--- Problem to work on ---
Write out the lines below exactly, beginning at the one with "Sideboard 2 Stk." and stopping after the one with "Dad Motorbike with Verse by Mary Murphy"; the pictures are not copied.

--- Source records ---
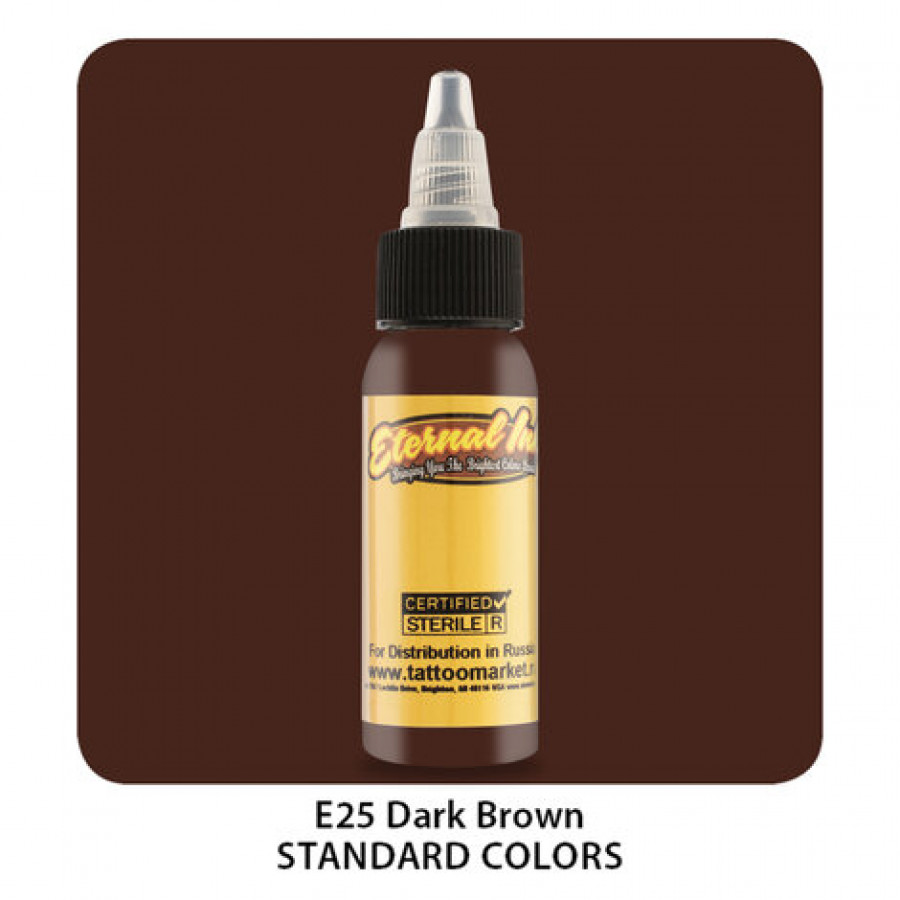 Тату краска Eternal Dark Brown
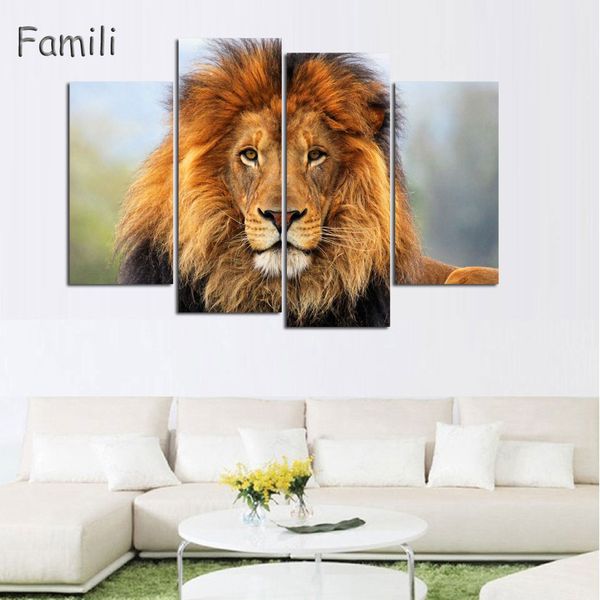 2019 Wall Art Modern Printed Animal Lion Oil Painting Canvas Painting Home Decor For Living Room Canvas Print Unframed From Xiaofang8810 11 96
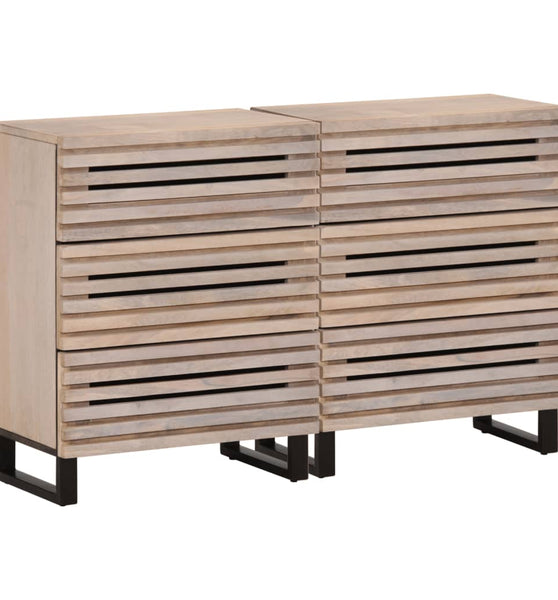 Sideboard 2 Stk. 60x34x75 cm Massivholz Mango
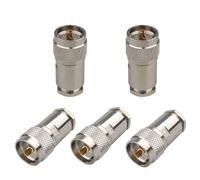 Futheda Lot de 5 adaptateurs PL259 UHF mâles compatibles avec Walkie Alkie CB Radio Broadcast Marine Ham Câble d'extension d'antenne Télécom Booster de signal téléphonique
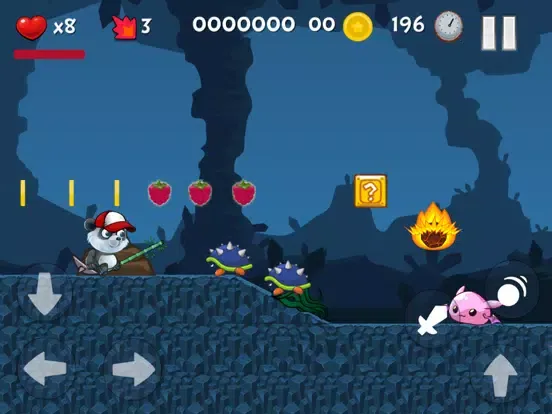 Super Panda Adventure iPad  Screenshots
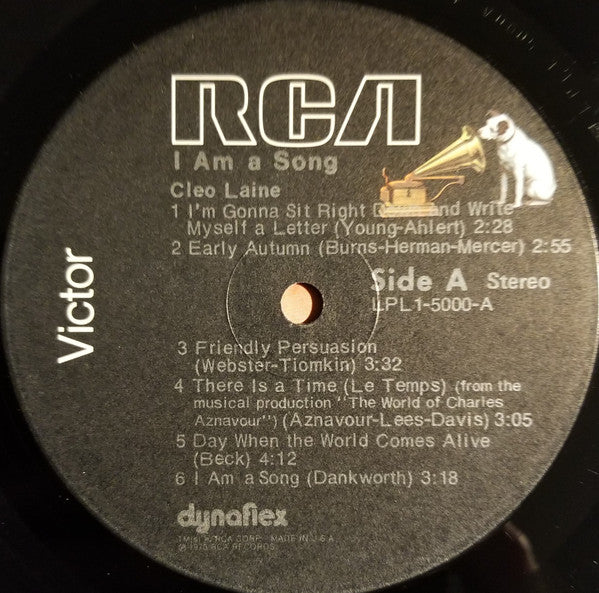 Cleo Laine : I Am A Song (LP, Album, Bla)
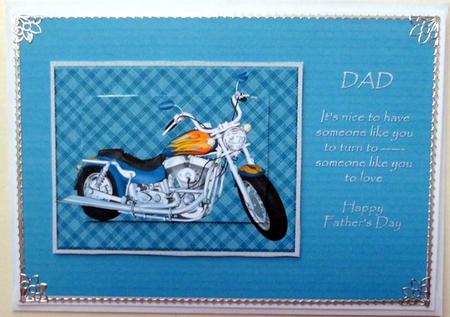 Dad Motorbike with Verse by Mary Murphy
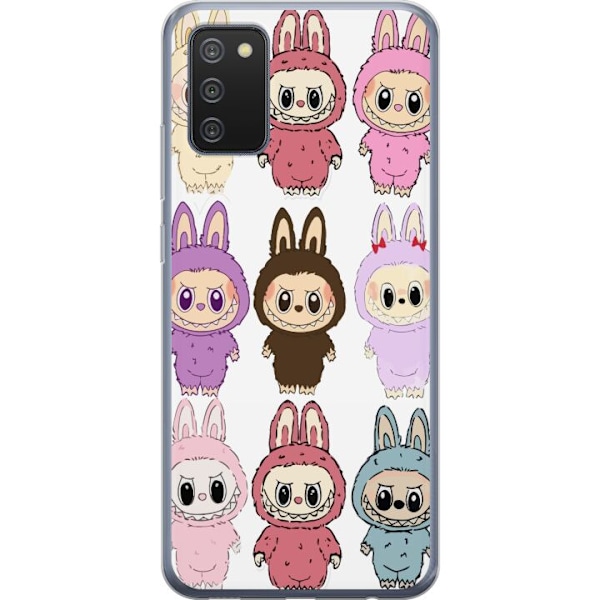 Samsung Galaxy A02s Läpinäkyvä kuori Labubu Pink Monster -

--- Response to this exercise ---
 Sideboard 2 Stk. 60x34x75 cm Massivholz Mango
 Futheda Lot de 5 adaptateurs PL259 UHF mâles compatibles avec Walkie Alkie CB Radio Broadcast Marine Ham Câble d'extension d'antenne Télécom Booster de signal téléphonique
 Super Panda Adventure iPad  Screenshots
 Cleo Laine : I Am A Song (LP, Album, Bla)
 Dad Motorbike with Verse by Mary Murphy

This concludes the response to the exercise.